参考:[Amazon SageMaker] 回転台を使って撮影した動画で、Amazon SageMaker Ground Truth形式のデータセット(Image Classification)を作ってみました

切り出した画像は、商品ごとにフォルダに格納し、S3に送信しました。

Rekognitionのデータセット作成は、上記のS3からインポートする形で生成します。

この時、自動ラベル付けにチェックしておくと、フォルダ名がそのままラベル名として付与されます。

インポートが完了すると、各商品が50件づつラベリングされていることを確認できます。 これで、データセットの作成は完了です。

3 トレーニング

トレーニングは、上記のデータを分割して利用するようにしました。

学習が終わると、ステータスは、TRAINING_COMPLETEDとなり、スコアなどが確認可能です。

4 確認

コンソールに表示されているコマンドでAPIのエンドポイントを起動(モデルを開始する)します。
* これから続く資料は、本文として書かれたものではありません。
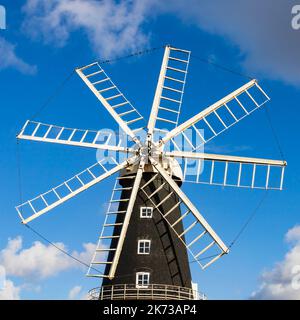 Pocklingtons Mill, the only 8 sailed windmill in Europe. Heckington village, Lincolnshire, England. Stock Photo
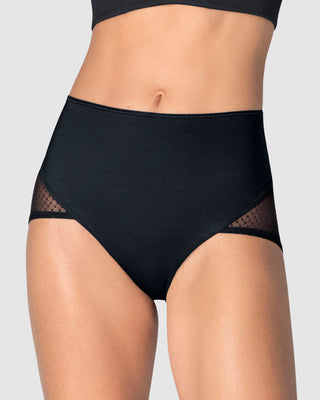 Panty clásico de control fuerte en abdomen, glúteos en tul#color_700-negro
確認は、下記のプログラムで、MacにWebカメラを接続して行いました。

import json
import cv2
from boto3.session import Session
import numpy as np

PROFILE = 'developer'
REGION = 'region'
MODEL_ARN = 'arn:aws:rekognition:us-east-1:xxxxxxxx:project/LAWSON/version/LAWSON.2020-06-26T11.56.49/1593140209729'

CLASSES = ['EGG','MEET','SABA','HAMBUGER','POTATO']

# Webカメラ
deviceId = 0 
height = 600
width = 800

# ターゲット(推論の対象)
W = 400
H = 400
BIAS = 50

class Rekognition():
    def __init__(self, profile, region, modelArn):
        self.__modelArn = modelArn
        session = Session(profile_name = profile, region_name = region)
        self.__client = session.client('rekognition')

    def detect(self, image):
        data = self.__client.detect_custom_labels(
            ProjectVersionArn = self.__modelArn,
            Image = {
                "Bytes": image
            },
            MaxResults = 100,
            MinConfidence = 30
        )
        return data["CustomLabels"]


def main():

    rekognition = Rekognition(PROFILE, REGION, MODEL_ARN)

    # カメラ初期化
    cap = cv2.VideoCapture(deviceId)
    cap.set(cv2.CAP_PROP_FRAME_WIDTH, width)
    cap.set(cv2.CAP_PROP_FRAME_HEIGHT, height)
    fps = cap.get(cv2.CAP_PROP_FPS)
    width = cap.get(cv2.CAP_PROP_FRAME_WIDTH)
    height = cap.get(cv2.CAP_PROP_FRAME_HEIGHT)
    print("FPS:{} WIDTH:{} HEIGHT:{}".format(fps, width, height))

    # 推論の対象
    x1 = int(width/2-W/2)
    x2 = int(width/2+W/2)
    y1 = int(height/2-H/2-BIAS)
    y2 = int(height/2+H/2-BIAS)

    while True:

        # カメラ画像取得
        ret, frame = cap.read()
        if(frame is None):
            continue

        # 推論の対象を切り取る
        img = frame[y1: y2, x1: x2]

        # 推論
        _, jpg = cv2.imencode('.jpg', img)
        results = rekognition.detect(jpg.tostring())

        # 表示
        if(len(results) > 0):
            str = "{} Confidence:{:.2f}%".format(results[0]["Name"], results[0]["Confidence"])
            cv2.putText(frame,str,(20, int(height)-20), cv2.FONT_HERSHEY_SIMPLEX, 2.0, (255,255,255), 2, cv2.LINE_AA)
        frame = cv2.rectangle(frame,(x1, y1), (x2, y2), (155,155,0),1)
        cv2.imshow('frame', frame)
        cv2.waitKey(1)

    cap.release()
    cv2.destroyAllWindows()

main()

5 最後に

今回は、比較的よく似たパッケージの判別を行ってみました。

商品数が5件、と少なかったことや、背景を一定のものに決め打ちしたのもあると思いますが、正直な所、想定以上の結果でした。Rekognitionのカスタムラベルは凄いです。

確認が終わったら、にエンドポイントの停止(モデルを終了する)を忘れないようにご注意下さい。